Sana Göre Haber

Danıştay Maarif Modeli’ne ‘Devam’ Dedi: Muhalif Üyelerden Laiklik ve Bilim Vurgusu

Maarif Modeli’ne Danıştay’dan Onay, Üyelerden Şerh

Laiklik Meclisi’nin, “Türkiye Yüzyılı Maarif Modeli” olarak adlandırılan yeni öğretim programının yürütmesinin durdurulması için yaptığı başvuru, Danıştay İdari Dava Daireleri Kurulu (İDDK) tarafından 10’a 3 oy çokluğu ile reddedildi. Karara muhalefet şerhi koyan üç üye, modelin laik ve bilimsel eğitim ilkelerinden uzaklaştığını, “eğitim” yerine “maarif” kelimesinin kullanılmasının milli anlayıştan bir kopuş olduğunu ve dini referanslara yol açtığını savundu.

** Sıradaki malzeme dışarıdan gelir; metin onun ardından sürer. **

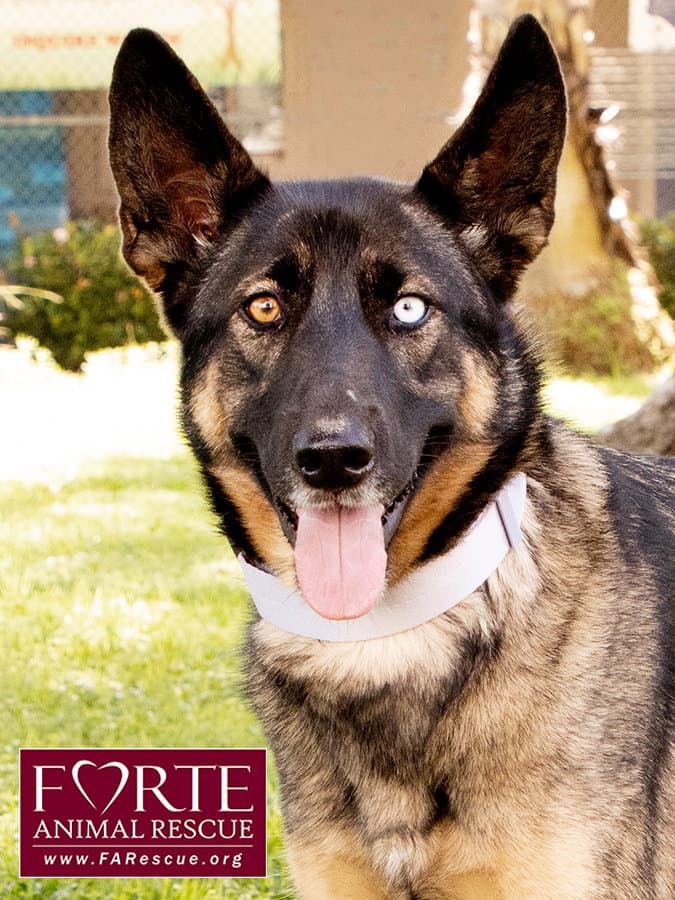 Parmida - German Shepherd Dog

Yargı Süreci Nasıl İşledi?

Laiklik Meclisi, Milli Eğitim Bakanlığı’nın (MEB) hazırladığı yeni müfredatın iptali ve yürütmesinin durdurulması istemiyle Danıştay’a dava açmıştı. Danıştay 8’inci Dairesi, 22 Ocak’ta yürütmenin durdurulması talebini 4’e 1 oy çokluğuyla reddetmişti. Bu karara yapılan itirazı değerlendiren bir üst kurul olan İDDK da 29 Mayıs’ta itirazı reddederek yürütmeyi durdurma istemini kesin olarak geri çevirdi.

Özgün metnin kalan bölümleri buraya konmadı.